= Bethel (god) =

Deity in the Hebrew Bible

Bethel, meaning 'House of El' or 'House of God' in Hebrew, Phoenician and Aramaic, was the name of a god or an aspect of a god in some ancient Middle Eastern texts dating to the Assyrian, Achaemenid, and Hellenistic periods. The term appears in the Torah and the Christian Bible, but opinions differ as to whether those references are to a god or to a place.

== Historical records ==
The ancient Phoenician Sanchuniathon mentions the god Baitylos as a brother of the gods El and Dagon. He later says that the god Sky devised the baitylia, having contrived to put life into stones. There does not seem to be any clear relationship between these two terms, however.

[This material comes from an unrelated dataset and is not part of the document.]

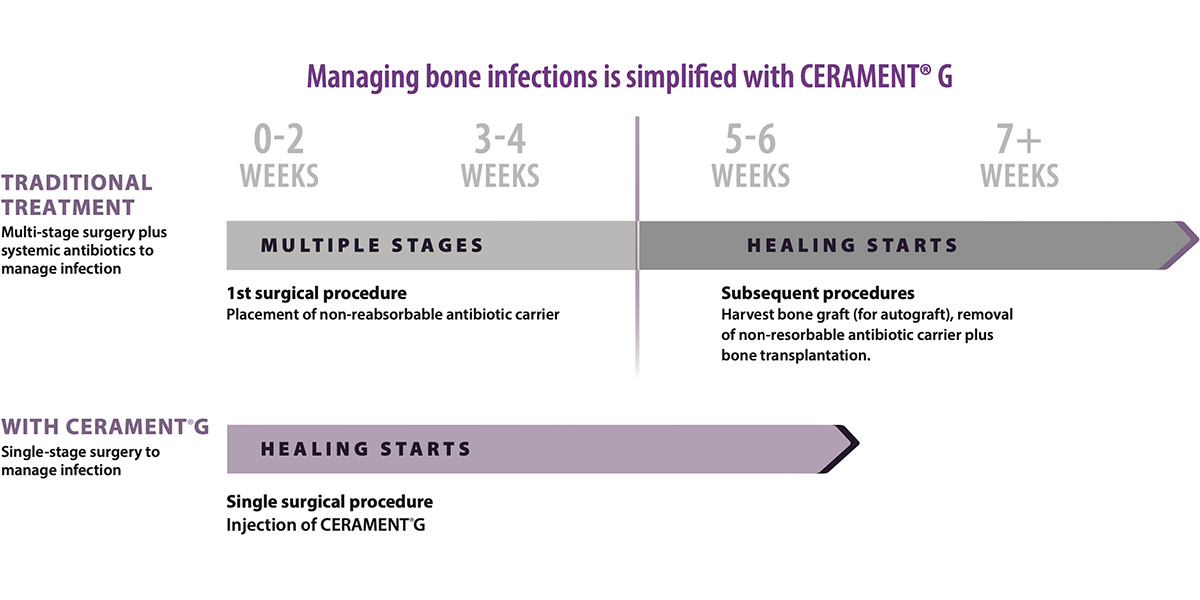 decor value managing bone infections simplified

A 1977 book by the academic Javier Teixidor cited some early references that support viewing Bethel as a god of Aramaean or Syrian origin. The author maintains that the origin of the god's cult is unknown, but provides what he believes to be some of the earliest references to the god:
- Theophoric names in the seventh century BC,
- the 677 BC Esarhaddon's Treaty with Ba'al of Tyre, which associates Bethel with what is apparently another god, Anat-Bethel, in a curse upon the Tyrians if they break the treaty: "May Bethel and Anat-Bethel deliver you to a man-eating lion"; and
- an Aramaic tablet from Aleppo dating to 570 BC, which contains three theophoric names of the god Bethel.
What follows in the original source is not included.